◆ About this task:
Every line of the listing must be reproduced as it stands. Leave the images behind.

◆ Data extract:
^^^^^^^^^^^^^^^^

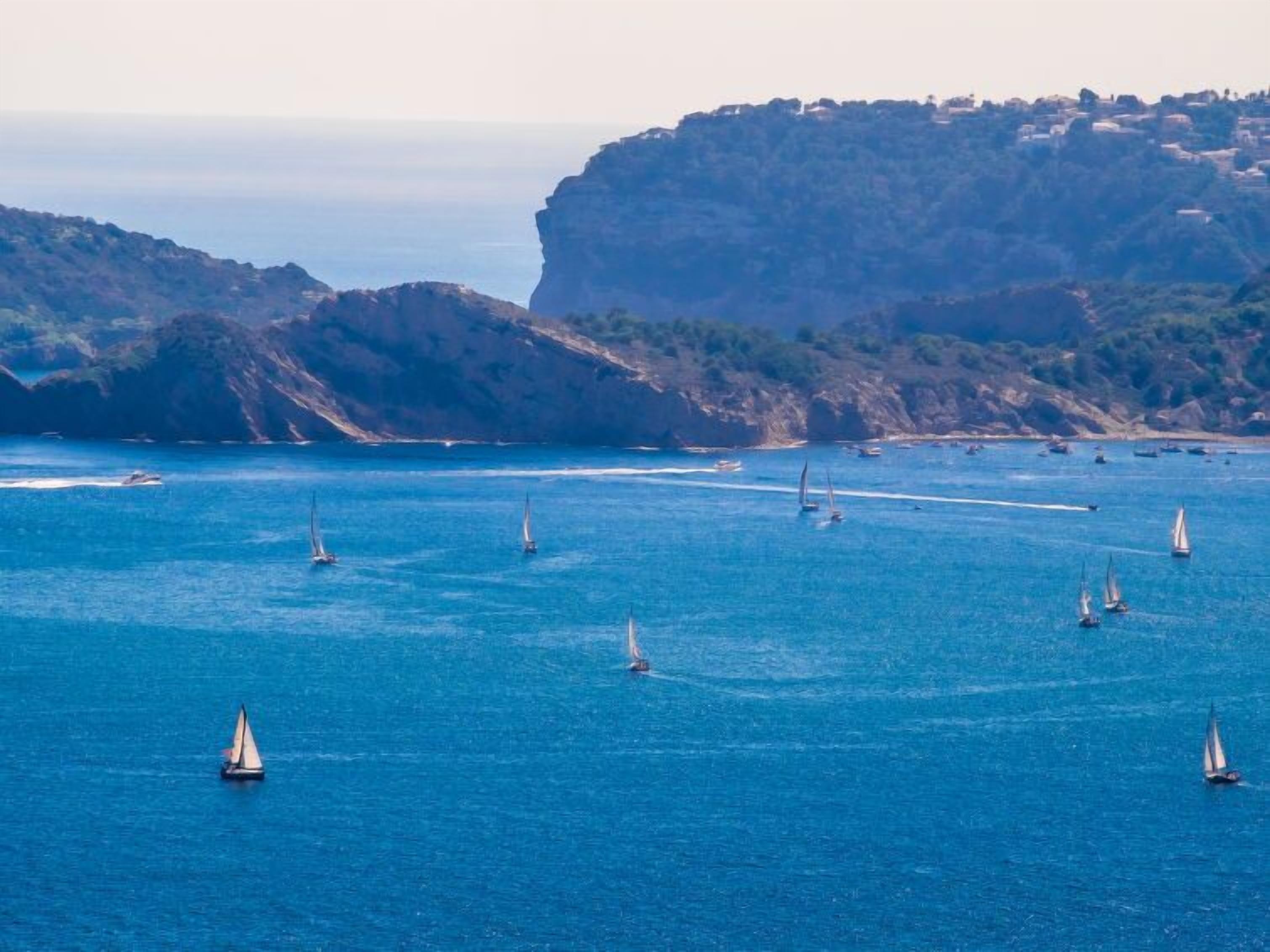 A coastal scene with multiple sailboats on the water, cliffs in the background, and a clear sky.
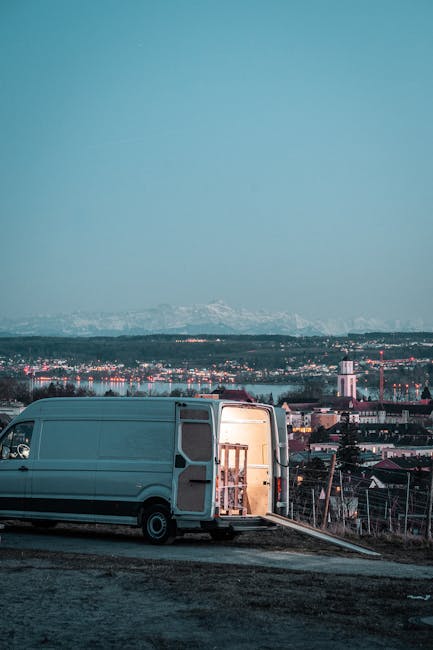 A light grey moving van parked outdoors on a slightly sloped surface, with its side door open revealing stacked packed cardboard boxes and protective foam padding inside. The van is positioned near a 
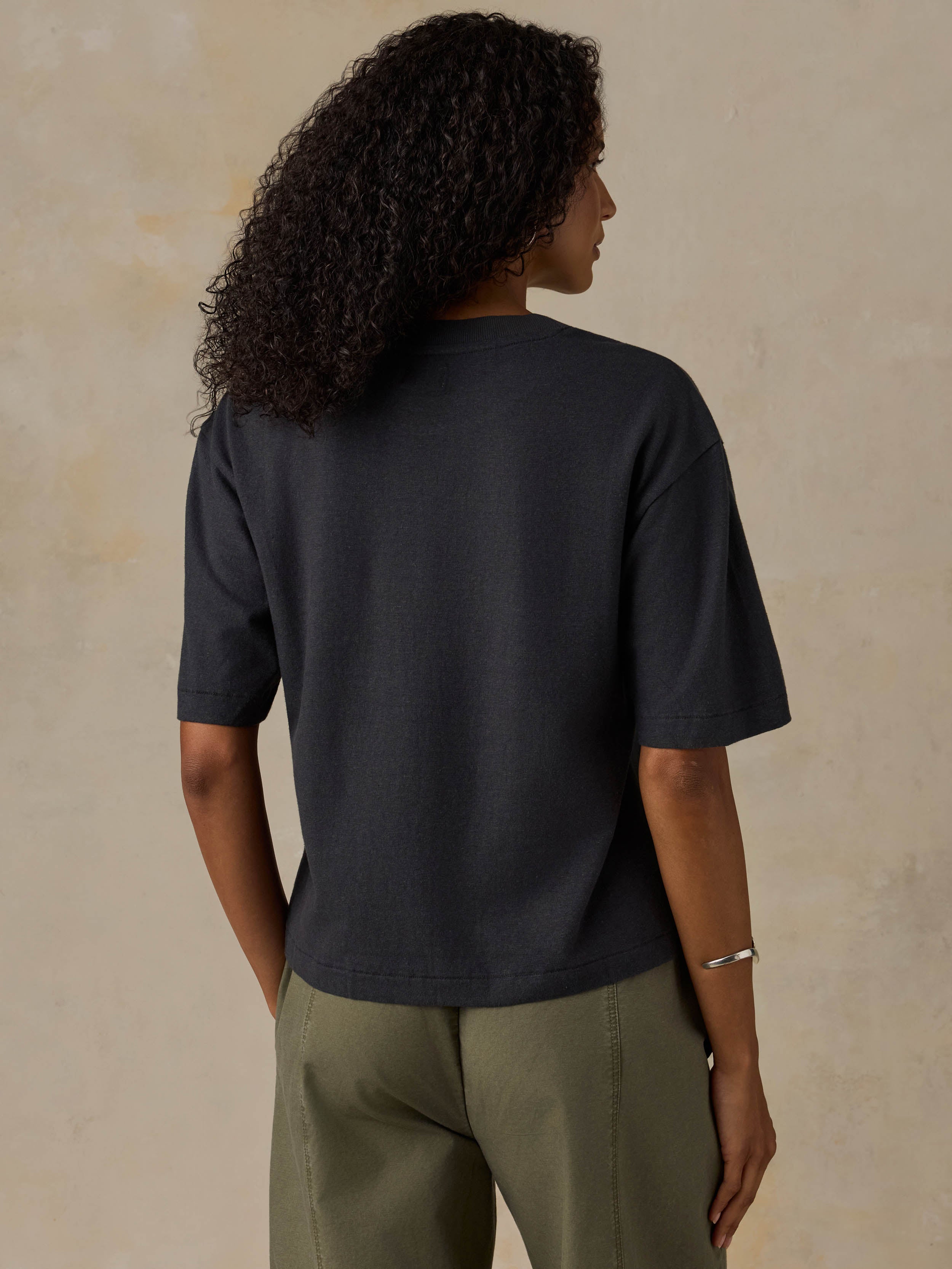Woman wearing a black t-shirt and green pants against a beige background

^^^^^^^^^^^^^^^^

◆ Solution to this problem:
 A coastal scene with multiple sailboats on the water, cliffs in the background, and a clear sky.
 A light grey moving van parked outdoors on a slightly sloped surface, with its side door open revealing stacked packed cardboard boxes and protective foam padding inside. The van is positioned near a 
Woman wearing a black t-shirt and green pants against a beige background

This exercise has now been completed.